◆ **Task requirements**:
Everything in the listing below from the line containing "Superbe appartement à" through the line containing "Hyundai Sonata 2015, 63540" must be repeated exactly; the remaining lines are not wanted.

== == ==

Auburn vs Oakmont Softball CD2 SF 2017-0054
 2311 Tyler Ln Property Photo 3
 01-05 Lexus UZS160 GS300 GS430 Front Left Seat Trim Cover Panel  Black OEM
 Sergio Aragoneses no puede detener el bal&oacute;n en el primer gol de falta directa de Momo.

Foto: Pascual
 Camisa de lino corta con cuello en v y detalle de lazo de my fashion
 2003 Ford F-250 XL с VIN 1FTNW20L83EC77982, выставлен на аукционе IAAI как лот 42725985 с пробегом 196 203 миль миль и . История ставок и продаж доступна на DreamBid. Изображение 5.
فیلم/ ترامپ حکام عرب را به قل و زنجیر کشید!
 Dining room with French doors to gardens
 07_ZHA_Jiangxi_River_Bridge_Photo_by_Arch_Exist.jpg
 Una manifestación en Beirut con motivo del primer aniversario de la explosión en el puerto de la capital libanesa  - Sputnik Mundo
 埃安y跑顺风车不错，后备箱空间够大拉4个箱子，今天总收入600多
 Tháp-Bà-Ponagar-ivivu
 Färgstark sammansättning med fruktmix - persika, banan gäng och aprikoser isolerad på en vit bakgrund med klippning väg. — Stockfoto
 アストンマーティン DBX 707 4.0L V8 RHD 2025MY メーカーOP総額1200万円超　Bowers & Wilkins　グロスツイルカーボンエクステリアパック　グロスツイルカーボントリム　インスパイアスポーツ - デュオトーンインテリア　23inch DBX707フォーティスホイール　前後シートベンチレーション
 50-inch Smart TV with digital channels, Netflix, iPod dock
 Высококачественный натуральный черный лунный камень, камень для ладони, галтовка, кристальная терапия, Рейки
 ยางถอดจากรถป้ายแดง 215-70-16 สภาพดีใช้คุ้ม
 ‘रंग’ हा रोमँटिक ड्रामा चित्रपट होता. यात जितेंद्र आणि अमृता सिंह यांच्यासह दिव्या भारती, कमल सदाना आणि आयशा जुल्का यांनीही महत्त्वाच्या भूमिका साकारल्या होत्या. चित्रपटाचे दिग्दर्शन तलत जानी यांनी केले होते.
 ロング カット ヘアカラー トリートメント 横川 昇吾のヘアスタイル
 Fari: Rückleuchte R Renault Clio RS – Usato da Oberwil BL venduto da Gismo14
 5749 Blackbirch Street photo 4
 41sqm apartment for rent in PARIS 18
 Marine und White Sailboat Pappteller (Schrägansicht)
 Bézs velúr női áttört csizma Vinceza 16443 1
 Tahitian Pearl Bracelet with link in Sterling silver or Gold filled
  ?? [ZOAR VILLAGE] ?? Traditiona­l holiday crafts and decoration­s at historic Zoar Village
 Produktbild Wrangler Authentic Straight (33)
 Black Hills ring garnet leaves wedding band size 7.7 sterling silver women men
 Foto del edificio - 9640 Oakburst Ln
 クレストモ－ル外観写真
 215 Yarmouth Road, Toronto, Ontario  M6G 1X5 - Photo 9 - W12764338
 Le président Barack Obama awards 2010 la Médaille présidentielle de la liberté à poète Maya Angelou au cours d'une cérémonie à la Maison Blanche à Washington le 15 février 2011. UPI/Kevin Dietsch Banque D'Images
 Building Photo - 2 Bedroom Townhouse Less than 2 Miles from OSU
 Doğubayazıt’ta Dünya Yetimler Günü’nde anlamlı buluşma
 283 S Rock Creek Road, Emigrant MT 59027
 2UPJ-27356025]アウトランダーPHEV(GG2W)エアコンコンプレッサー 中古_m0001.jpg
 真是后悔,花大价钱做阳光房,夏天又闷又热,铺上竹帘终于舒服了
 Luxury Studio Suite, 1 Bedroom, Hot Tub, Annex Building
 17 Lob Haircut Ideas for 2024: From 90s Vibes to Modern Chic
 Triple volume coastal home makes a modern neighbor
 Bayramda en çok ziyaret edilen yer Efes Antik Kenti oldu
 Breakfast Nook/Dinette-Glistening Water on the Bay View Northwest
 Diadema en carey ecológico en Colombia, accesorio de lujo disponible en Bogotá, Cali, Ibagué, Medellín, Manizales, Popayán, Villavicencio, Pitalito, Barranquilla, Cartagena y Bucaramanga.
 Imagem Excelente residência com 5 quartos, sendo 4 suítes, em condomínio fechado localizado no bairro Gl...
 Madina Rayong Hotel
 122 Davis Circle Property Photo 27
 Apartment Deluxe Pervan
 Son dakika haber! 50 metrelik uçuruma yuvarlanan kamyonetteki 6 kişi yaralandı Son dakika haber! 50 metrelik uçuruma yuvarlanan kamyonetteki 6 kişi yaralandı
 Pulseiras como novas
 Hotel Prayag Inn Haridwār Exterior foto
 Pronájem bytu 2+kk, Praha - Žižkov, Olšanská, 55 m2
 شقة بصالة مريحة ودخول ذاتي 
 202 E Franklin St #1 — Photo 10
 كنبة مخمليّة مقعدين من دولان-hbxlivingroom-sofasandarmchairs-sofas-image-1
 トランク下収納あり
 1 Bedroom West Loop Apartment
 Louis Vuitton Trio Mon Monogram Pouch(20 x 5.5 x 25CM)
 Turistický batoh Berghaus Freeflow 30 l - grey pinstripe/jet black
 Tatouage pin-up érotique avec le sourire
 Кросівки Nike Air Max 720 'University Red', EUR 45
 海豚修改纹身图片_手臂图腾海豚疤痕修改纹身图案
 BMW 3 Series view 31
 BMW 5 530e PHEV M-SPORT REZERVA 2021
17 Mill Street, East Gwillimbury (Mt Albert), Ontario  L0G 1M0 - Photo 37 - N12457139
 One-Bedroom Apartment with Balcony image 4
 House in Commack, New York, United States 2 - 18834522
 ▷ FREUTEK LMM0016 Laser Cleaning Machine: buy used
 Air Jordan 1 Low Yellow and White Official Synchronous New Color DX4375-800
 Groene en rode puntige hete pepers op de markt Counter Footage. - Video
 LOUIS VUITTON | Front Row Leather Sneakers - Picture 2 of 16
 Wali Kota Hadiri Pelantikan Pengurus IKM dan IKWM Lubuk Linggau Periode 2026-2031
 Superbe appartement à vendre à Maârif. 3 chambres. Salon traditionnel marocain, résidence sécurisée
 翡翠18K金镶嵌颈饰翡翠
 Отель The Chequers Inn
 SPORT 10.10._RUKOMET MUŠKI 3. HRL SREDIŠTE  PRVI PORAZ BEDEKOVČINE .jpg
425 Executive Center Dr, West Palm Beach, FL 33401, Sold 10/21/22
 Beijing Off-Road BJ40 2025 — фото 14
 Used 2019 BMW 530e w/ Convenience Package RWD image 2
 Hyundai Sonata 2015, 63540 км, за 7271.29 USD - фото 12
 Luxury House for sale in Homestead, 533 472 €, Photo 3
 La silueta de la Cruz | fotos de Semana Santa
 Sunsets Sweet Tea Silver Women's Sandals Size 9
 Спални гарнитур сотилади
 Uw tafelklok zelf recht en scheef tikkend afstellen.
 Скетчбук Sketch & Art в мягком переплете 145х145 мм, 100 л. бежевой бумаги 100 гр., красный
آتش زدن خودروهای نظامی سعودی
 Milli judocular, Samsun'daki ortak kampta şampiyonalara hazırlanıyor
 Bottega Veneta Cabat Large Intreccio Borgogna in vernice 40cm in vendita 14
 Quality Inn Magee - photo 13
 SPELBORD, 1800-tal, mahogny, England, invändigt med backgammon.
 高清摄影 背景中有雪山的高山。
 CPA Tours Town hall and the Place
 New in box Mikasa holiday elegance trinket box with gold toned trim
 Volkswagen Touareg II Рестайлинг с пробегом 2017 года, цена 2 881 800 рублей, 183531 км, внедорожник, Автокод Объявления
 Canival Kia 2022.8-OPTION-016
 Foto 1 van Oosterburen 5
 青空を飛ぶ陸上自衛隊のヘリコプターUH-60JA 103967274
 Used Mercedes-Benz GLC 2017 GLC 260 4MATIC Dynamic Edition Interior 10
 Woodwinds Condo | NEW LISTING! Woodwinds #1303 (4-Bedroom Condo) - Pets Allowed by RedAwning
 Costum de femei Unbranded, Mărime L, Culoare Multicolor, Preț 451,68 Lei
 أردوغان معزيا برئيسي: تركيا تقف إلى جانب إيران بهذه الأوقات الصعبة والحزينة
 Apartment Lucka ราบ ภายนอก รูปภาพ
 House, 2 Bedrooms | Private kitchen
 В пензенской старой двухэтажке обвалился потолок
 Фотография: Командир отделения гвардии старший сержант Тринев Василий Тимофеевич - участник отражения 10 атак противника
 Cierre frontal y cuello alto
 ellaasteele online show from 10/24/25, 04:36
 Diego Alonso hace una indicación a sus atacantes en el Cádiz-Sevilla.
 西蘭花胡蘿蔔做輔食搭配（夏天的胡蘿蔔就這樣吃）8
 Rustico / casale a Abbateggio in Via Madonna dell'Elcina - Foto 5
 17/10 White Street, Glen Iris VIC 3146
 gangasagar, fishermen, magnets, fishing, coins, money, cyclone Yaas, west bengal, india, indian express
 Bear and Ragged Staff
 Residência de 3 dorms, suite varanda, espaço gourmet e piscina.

== == ==

◆ **Output for this task**:
 Superbe appartement à vendre à Maârif. 3 chambres. Salon traditionnel marocain, résidence sécurisée
 翡翠18K金镶嵌颈饰翡翠
 Отель The Chequers Inn
 SPORT 10.10._RUKOMET MUŠKI 3. HRL SREDIŠTE  PRVI PORAZ BEDEKOVČINE .jpg
425 Executive Center Dr, West Palm Beach, FL 33401, Sold 10/21/22
 Beijing Off-Road BJ40 2025 — фото 14
 Used 2019 BMW 530e w/ Convenience Package RWD image 2
 Hyundai Sonata 2015, 63540 км, за 7271.29 USD - фото 12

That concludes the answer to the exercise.